* WHAT THIS TASK INVOLVES: Omitting all images, output the entries that follow exactly as written.

[Stored items]
━━━━━━━━━━━━━━━━━━━━

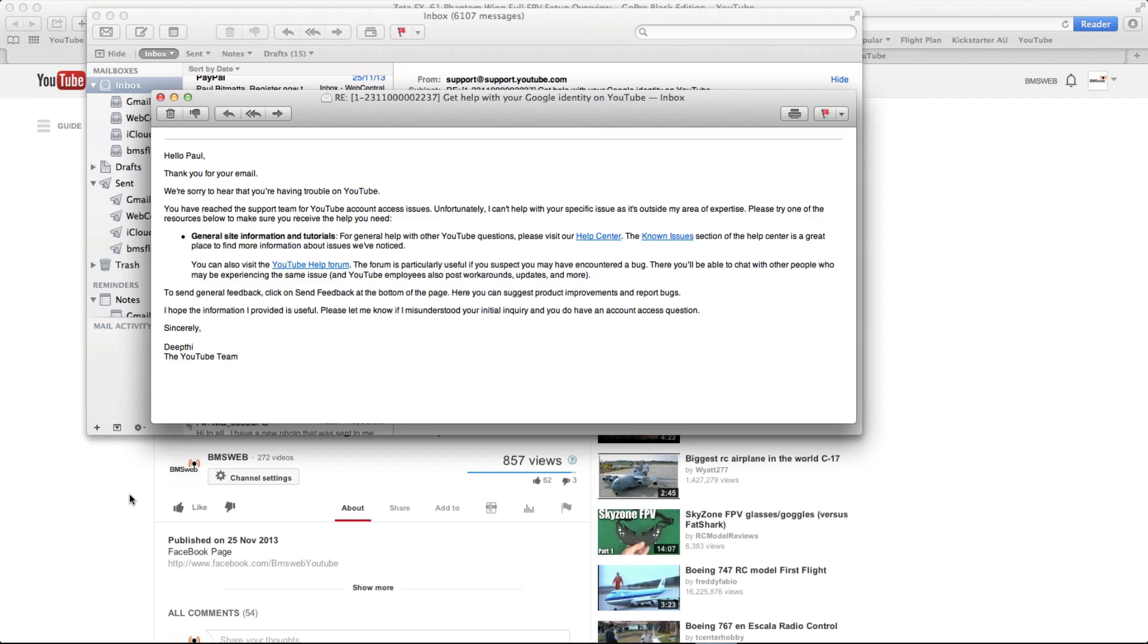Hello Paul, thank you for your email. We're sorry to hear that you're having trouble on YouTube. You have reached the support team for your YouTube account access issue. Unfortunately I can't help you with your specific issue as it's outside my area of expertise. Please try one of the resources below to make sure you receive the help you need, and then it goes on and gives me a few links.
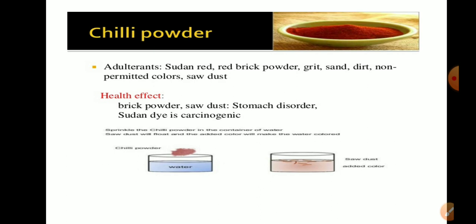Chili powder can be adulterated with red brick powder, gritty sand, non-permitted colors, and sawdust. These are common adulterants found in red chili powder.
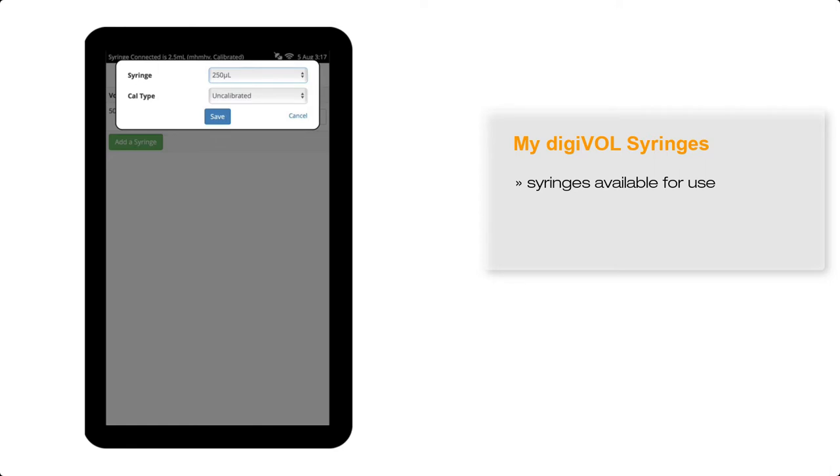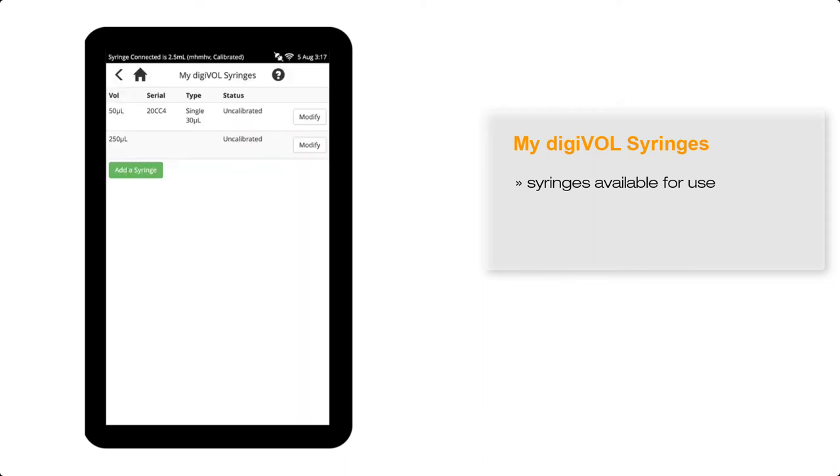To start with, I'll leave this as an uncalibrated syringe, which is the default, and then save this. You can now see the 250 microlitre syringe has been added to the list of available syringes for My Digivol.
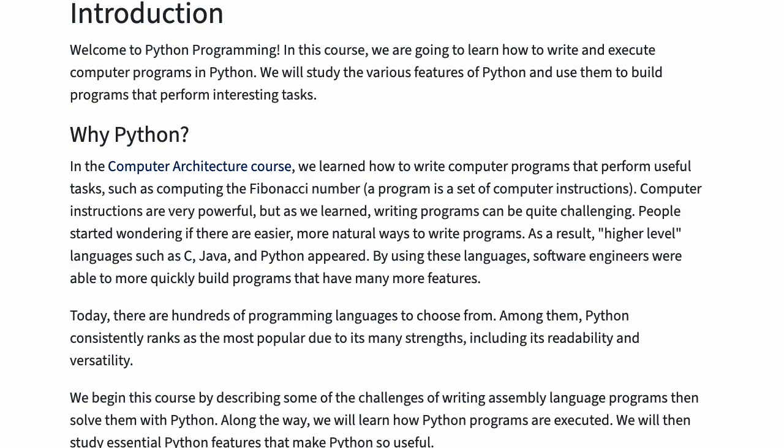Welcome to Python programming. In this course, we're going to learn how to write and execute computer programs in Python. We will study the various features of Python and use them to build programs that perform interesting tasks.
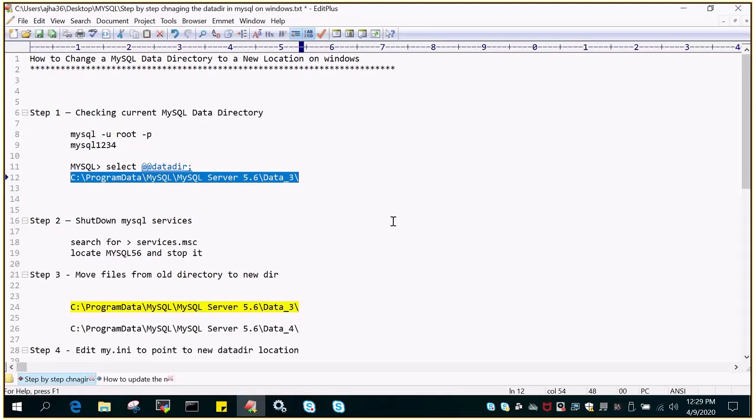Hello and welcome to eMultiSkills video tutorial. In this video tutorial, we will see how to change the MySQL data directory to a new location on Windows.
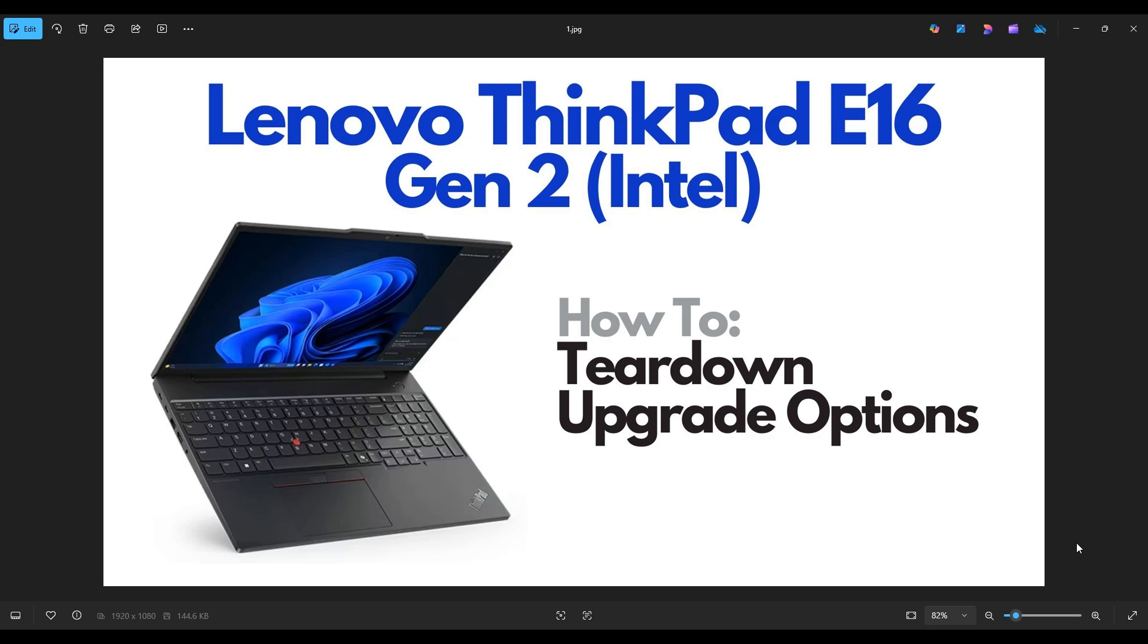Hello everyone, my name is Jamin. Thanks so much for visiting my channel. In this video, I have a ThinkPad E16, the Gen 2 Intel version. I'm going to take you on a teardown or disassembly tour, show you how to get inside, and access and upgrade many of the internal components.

━━━━━━━━━━━━━━━━━━━━

* EXERCISE RESULT:
Hello Paul, thank you for your email. We're sorry to hear that you're having trouble on YouTube. You have reached the support team for your YouTube account access issue. Unfortunately I can't help you with your specific issue as it's outside my area of expertise. Please try one of the resources below to make sure you receive the help you need, and then it goes on and gives me a few links.
Chili powder can be adulterated with red brick powder, gritty sand, non-permitted colors, and sawdust. These are common adulterants found in red chili powder.
To start with, I'll leave this as an uncalibrated syringe, which is the default, and then save this. You can now see the 250 microlitre syringe has been added to the list of available syringes for My Digivol.
Welcome to Python programming. In this course, we're going to learn how to write and execute computer programs in Python. We will study the various features of Python and use them to build programs that perform interesting tasks.
Hello and welcome to eMultiSkills video tutorial. In this video tutorial, we will see how to change the MySQL data directory to a new location on Windows.
Hello everyone, my name is Jamin. Thanks so much for visiting my channel. In this video, I have a ThinkPad E16, the Gen 2 Intel version. I'm going to take you on a teardown or disassembly tour, show you how to get inside, and access and upgrade many of the internal components.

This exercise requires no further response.